Adams hat sich seit zwanzig Jahren als der berühmteste und meistgespielte amerikanische Komponist etabliert. Ungelöst bleibt jedoch die Frage, wie soll man sein Profil identifizieren, ohne ihn in eine Kategorie einzuordnen: Minimalistisch? Avantgarde? Konservativ? Dekadent? Rückläufig? Neo-Tonal? Ist er außerdem repräsentativ für die Vielzahl ästhetischer Strömungen, die jenseits des Atlantiks koexistieren? Die Antwort ist in allen Fällen negativ: Wie jeder große Schöpfer erweist sich Adams als entschieden untypisch! Er selbst, der die Koexistenz seiner beiden widersprüchlichen Naturen zugibt, weigert sich den „bösen Jungen“ zu eliminieren und findet in der ästhetischen Unreinheit einen fruchtbaren Boden.

Von der europäischen Avantgarde bis zum Minimalismus

Geboren am 18. Februar 1947 (Worcester, Massachusetts) im Herzen von Neu-Englands, das wohl oder übel das Erbe der einstigen Macht antrat, begann Adams im Alter von zehn Jahren während seines Musik- und Klarinettenstudiums zu komponieren und nutzte die Gelegenheit, sich dem gesamten Repertoire für sein Instrument zu nähern: Klassik, Jazz, Folk, Varieté… An der University of Harvard wird er dem Unterricht von Leon Kirchner (1919-2009) und Roger Sessions (1896-1985) folgen, deren Musikstil eine natürliche Verlängerung von Arnold Schönberg (1874-1951) war. Es genügt zu sagen, dass ihm In C (1964) von Terry Riley (*1935), 1+1 (1968) von Philip Glass (*1937) oder Drumming (1971) von Steve Reich (*1936) fremder waren als die Echos, die er von der selbsternannten europäischen Avantgarde erhielt: Pierre Boulez (1925-2016), Karlheinz Stockhausen (1928-2007) und Luciano Berio (1925-2003).

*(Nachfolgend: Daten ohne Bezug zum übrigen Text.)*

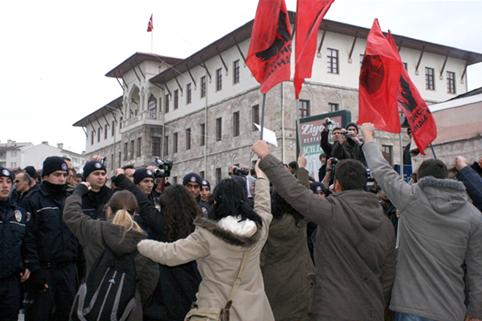 AKP'yi protesto ettiler.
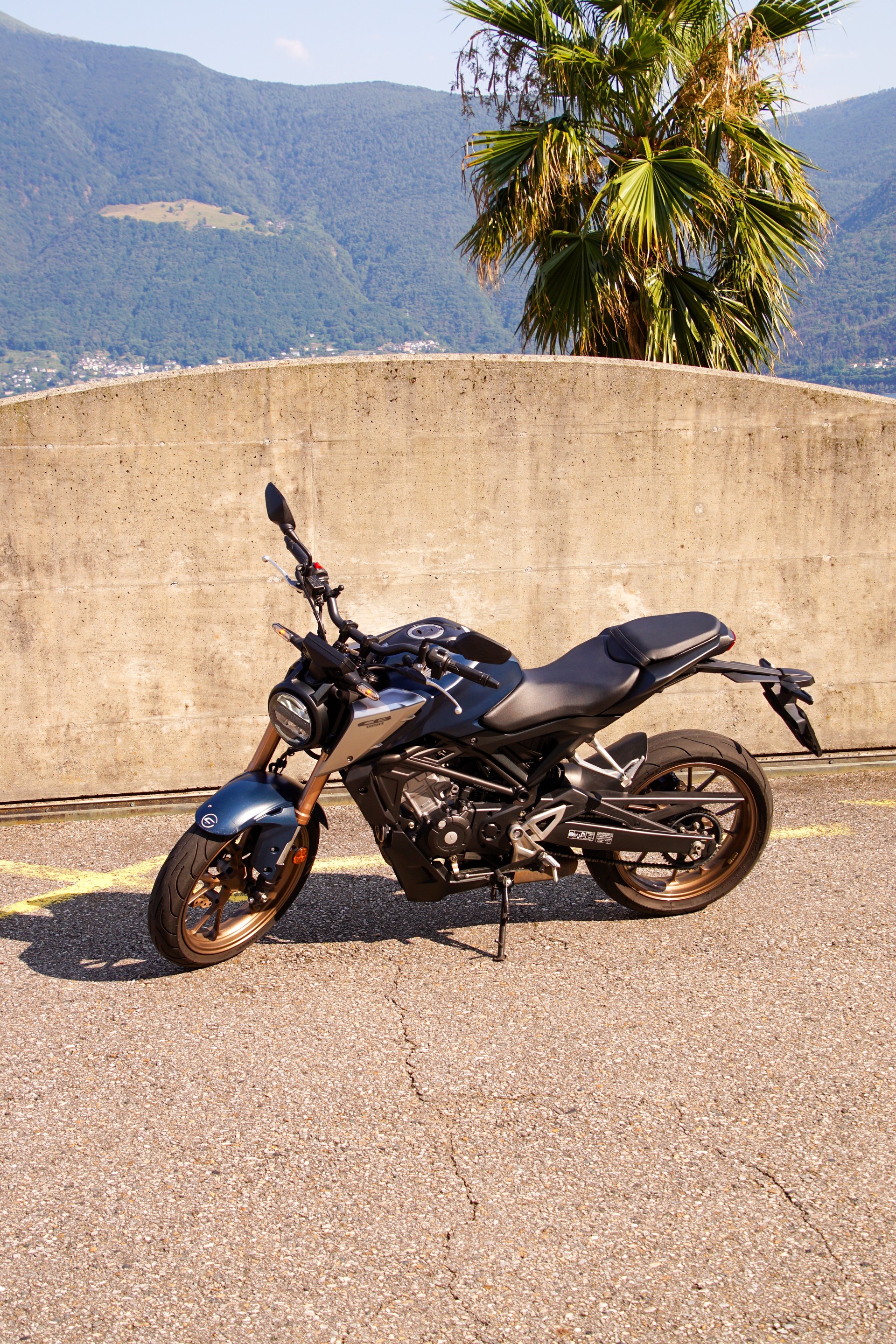HONDA CB 125 R-image-0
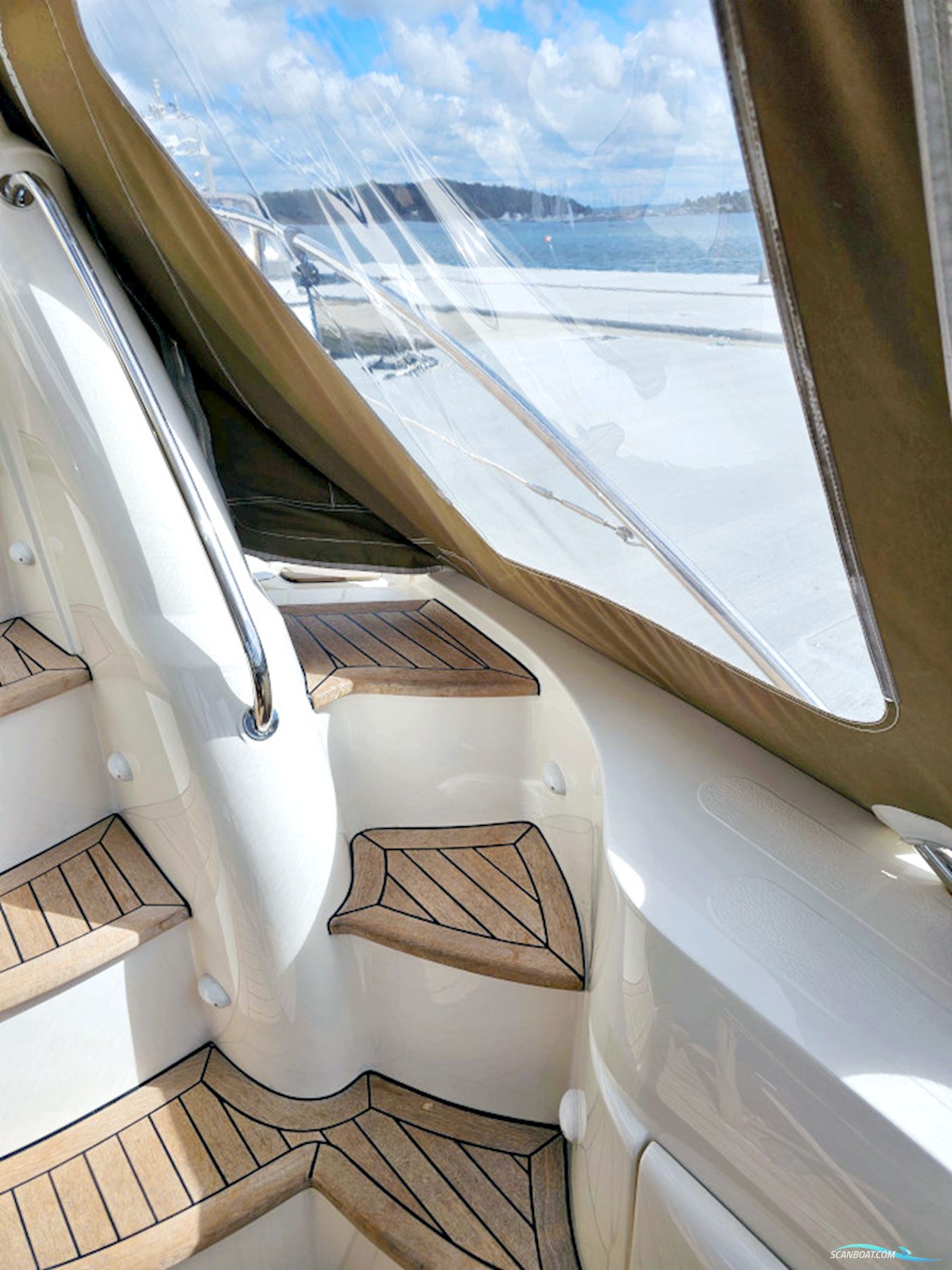 Sealine T51 Volvo Penta Tamd 122P Edc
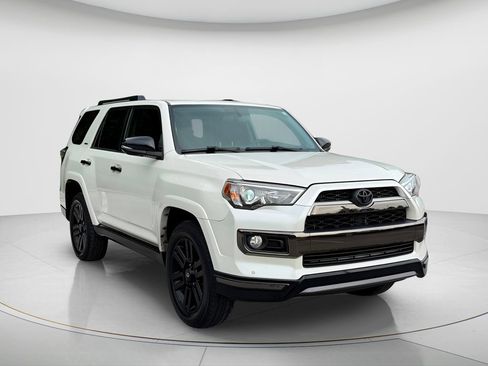 Used 2019 Toyota 4Runner Limited AWD/4WD image 3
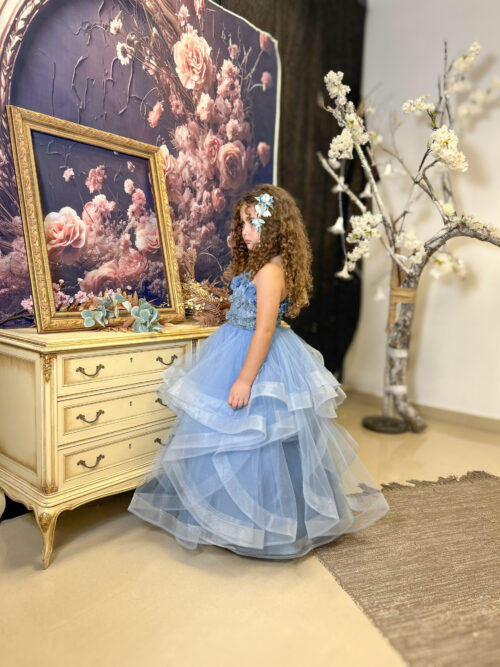 Little Princess Couture Dress with Floral Details — изображение 7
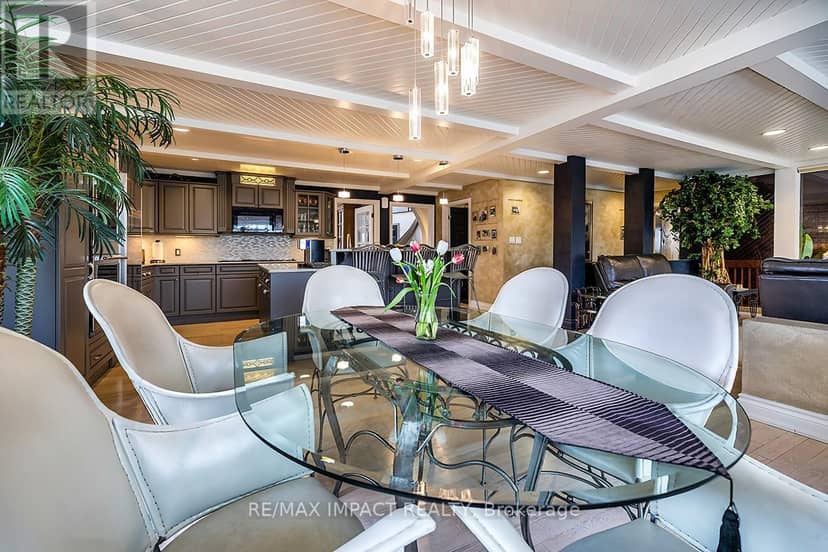 1410 Manitou Drive — photo 13 of 40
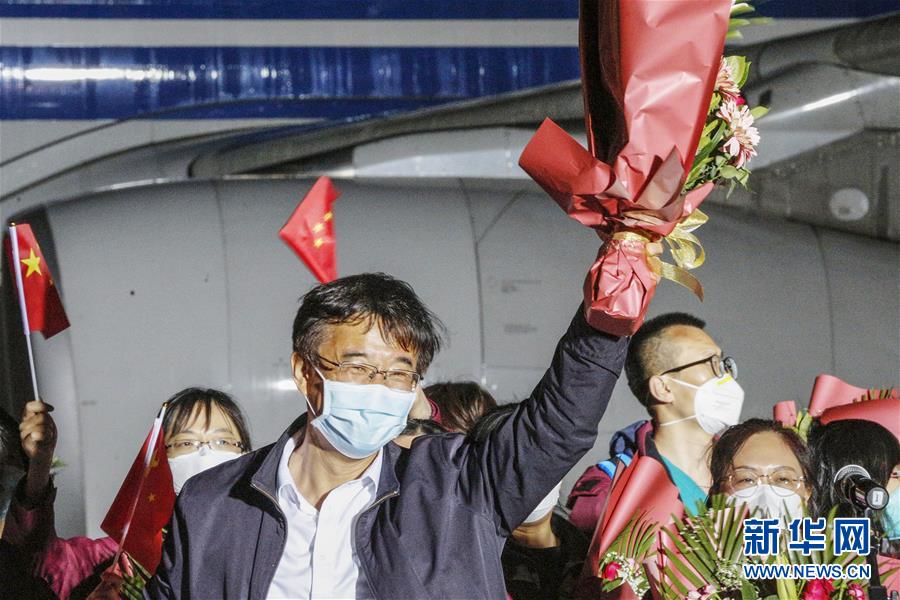 （聚焦疫情防控&middot;圖文互動）（9）分秒必爭！一切為了治病救人&mdash;&mdash;中國抗疫生命至上的生動實踐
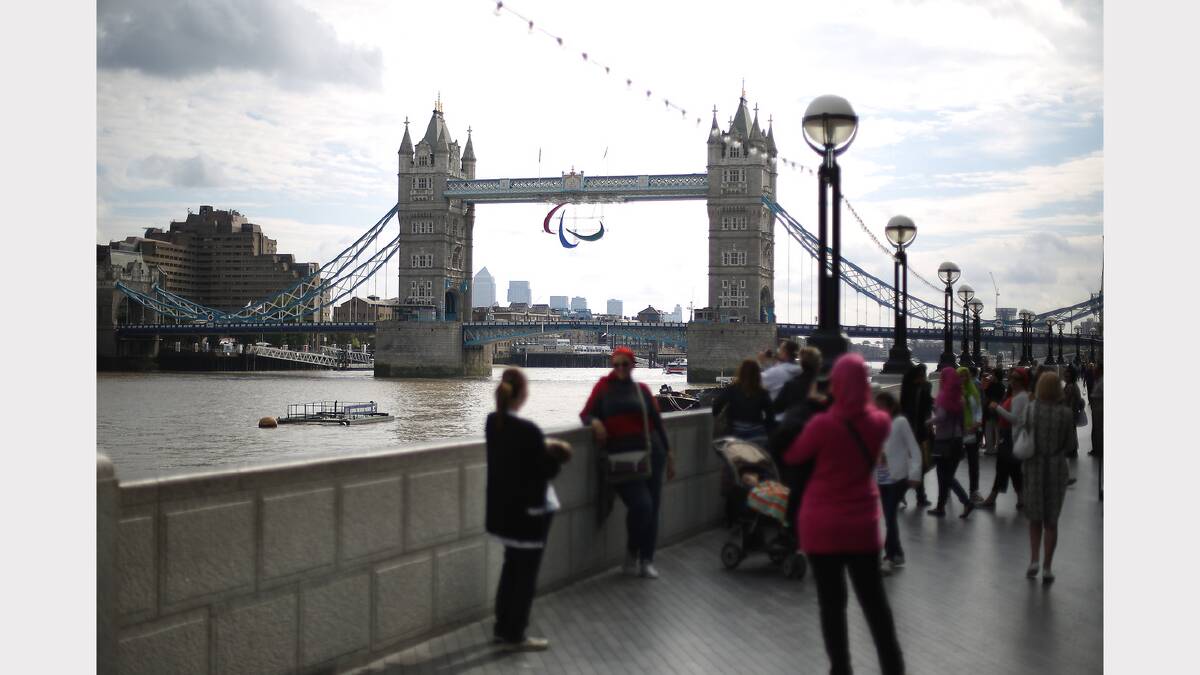 The Agitos Symbol of the Paralympics is suspended from Tower Bridge in London. Photo:  Peter Macdiarmid/Getty Images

Anstatt jedoch ein Jahr in Europa zu verbringen, wo viele seiner Kollegen ihre Ausbildung abschlossen, entschied sich Adams 1971 dafür, die Vereinigten Staaten in einem VW-Käfer zu durchqueren auf der Suche nach dem tiefen alten Amerika… Er hat es gerade mit John Cage (1912-1992) entdeckt, dessen Zen-Philosophie mit der Spiritualität der Transzendentalisten Neu-Englands übereinstimmt (Henry David Thoreau/1817-1862 und Ralph Waldo Emerson/1803-1882). Am Ende der Reise wird die ästhetische viel offenere Westküste der Ausgangspunkt sein, die es Adams ermöglichte die divergierenden Strömungen, die ihn bis dahin genährt hatten zu versöhnen. Von 1972 bis 1984 Professor für Harmonielehre am San Francisco Conservatory of Music, baute er dort einen Synthesizer für den eigenen Gebrauch und zur gleichen Zeit leitete er das New Music Ensemble, das sich der Aufführung avantgardistischer Partituren widmete, die nicht besonders tonal oder repetitiv waren.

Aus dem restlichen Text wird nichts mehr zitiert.